C’est à cette époque qu’elle compose avec Gregory Carroll "Just One Look", titre proposé à Juggy Murray du label Sue mais qui ne trouve aucun preneur, le producteur trouvant le titre trop lisse et sans intérêt.
Il faudra attendre 1963 pour que le nom de Doris TROY apparaisse en gros sur la carte des bestsellers de l’année. Doris vient de composer "Tell Him I’m Not Home" pour le label Wand, titre propulsé par Chuck JACKSON tout en haut du hit-parade R&B, ce qui ouvre des portes à Doris. "Just One Look" atterrit sous forme de démo sur le bureau de Jerry Wexler, la version comprenant alors le batteur Bernard Purdie et le pianiste Ernie Hayes comme accompagnateurs. Le producteur d’Atlantic est un grand fan des Sweet Inspirations, groupe qu’il lancera plus tard dans le grand bain, il a déjà entendu Doris et décide de tenter le coup. Désirant cependant apporter une orchestration plus limpide, il fait appel à une nouvelle équipe d’accompagnateurs. "Just One Look" sort en mai couplé à "Bossa Nova Blues ». Quelques semaines plus tard, la chanson atteint la 3ème marche des classements R&B et reste dans le Top 100 du Billboard pendant quatorze semaines.
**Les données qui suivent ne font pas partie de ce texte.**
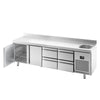 Stół chłodniczy Premium PLUS – 2452 x 600 mm – ze zlewem 1-komorowym, 2 drzwiami i 4 szufladami 1/2 – z rantem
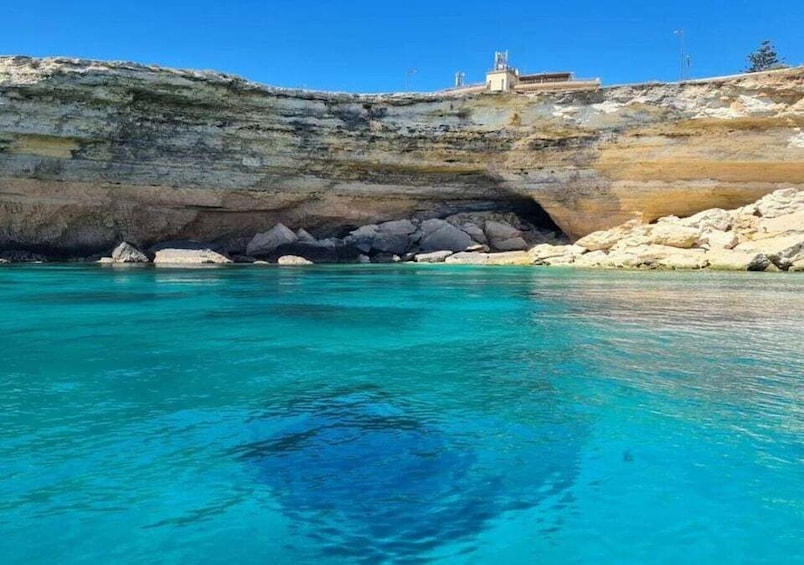 Picture 13 for Activity Syracuse: Ortigia Island and Sea Caves Boat Tour
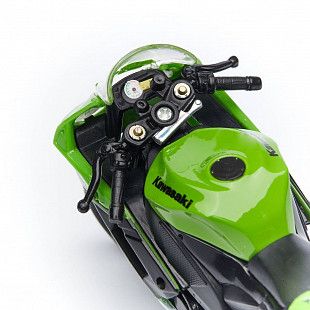 Масштабная модель мотоцикла Maisto 1:18 Kawasaki Ninja ZX-10R 39300 (20-10004)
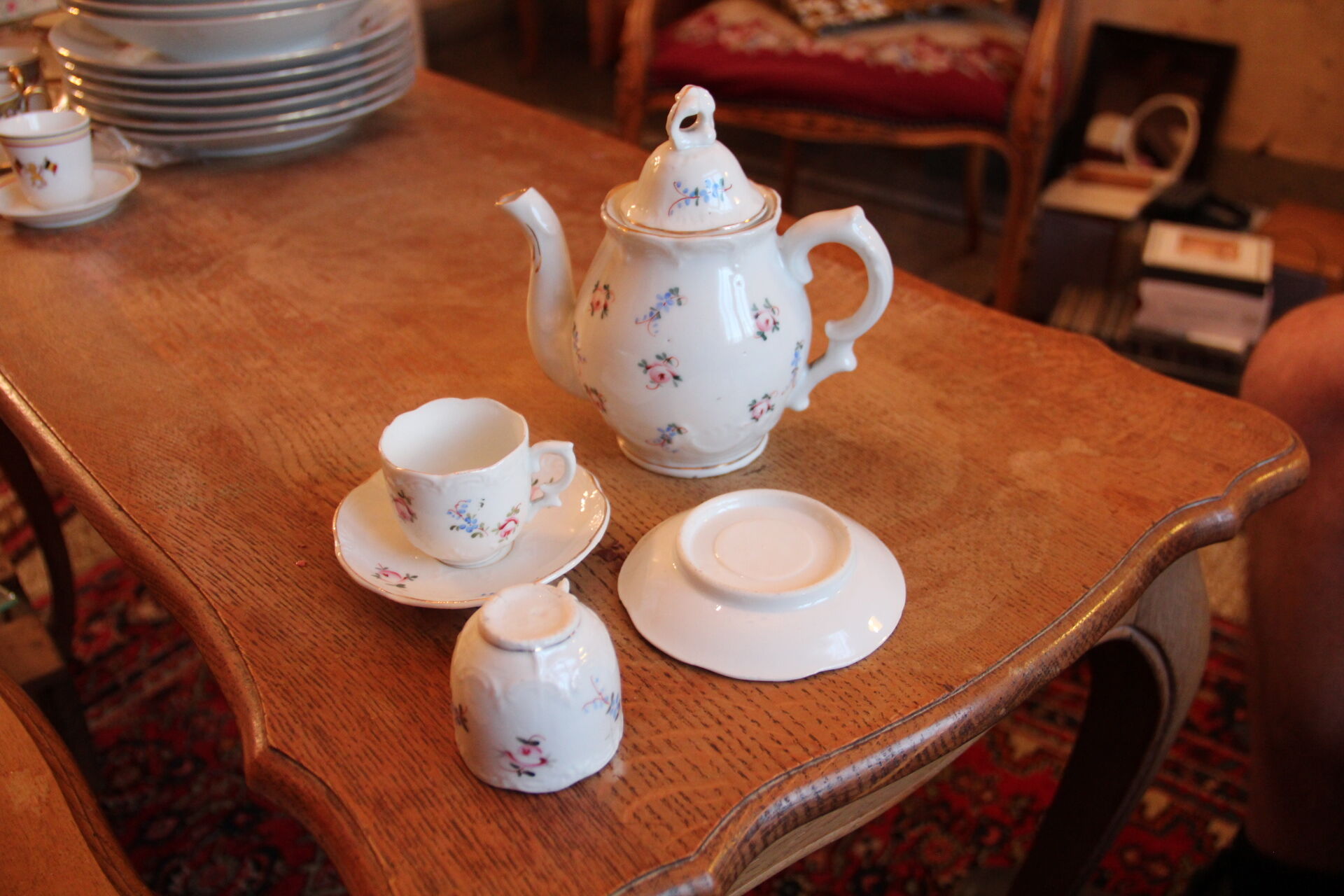 Service à moka en porcelaine fleurie peinte à la main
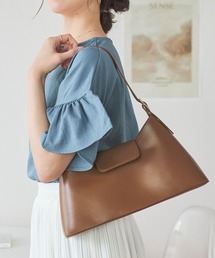 LinoU.（リノユー）の「フェイクレザートライアングルバッグ（ハンドバッグ）」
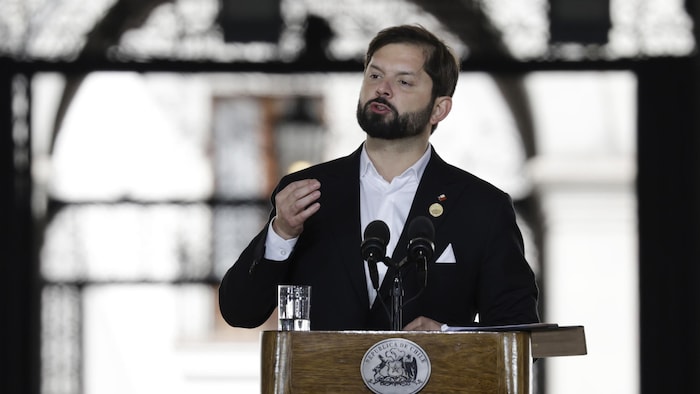 Un homme parle dans un micro. 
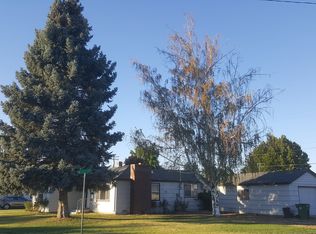 609 Mount Adams Dr, Wapato, WA 98951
Une aubaine pour le label Atlantic qui décide alors qu’il est temps pour Doris Troy de passer à l’étape suivante, celui d’un album complet.

"Just One Look" provient de trois sessions : la première du 5 mars comprend les deux titres du single, celle du 29 juillet s’avère plus luxuriante avec neuf chansons. Afin de cadrer avec les codes et la compression de l’époque, Atlantic décide de renvoyer Doris en studio le 5 août pour graver une douzième et dernière piste. En dehors des deux titres du single, Doris et Gregory Carroll ont amassé assez de matière : auteurs de six autres morceaux, la doublette permet qu’une trame se dégage de l’album à travers des chansons écrites pour un public non pas de teenagers mais correspondant aux évolutions du moment.
Le disque repose clairement sur le succès du titre "Just One Look" comme l’annonce la pochette. A l’instar de nombreuses productions américaines de l’époque, la galette sort sous deux formats mono et stéréo. De ces douze titres, deux ont l’honneur des charts. Placé en tête de gondole, "What Cha Gonna About It"⃰ se classe à la 37ème place. La belle ligne de piano aux ondulations exotiques, une mélodie simple mais accrocheuse et la voix de Doris sont les meilleurs atouts d’un titre qui a remarquablement passé les ans. Le titre tombe dans la besace de nombreuses formations britanniques : les Hollies, Peter Doyle (futur chanteur des New Seekers), Jeanette Simpson dans une version Ska/Ragga ou Cilla Black. Dee Dee Clark, ancienne complice de Doris, reprend la chanson en duo avec Ben E. KING dans une approche plus veloutée.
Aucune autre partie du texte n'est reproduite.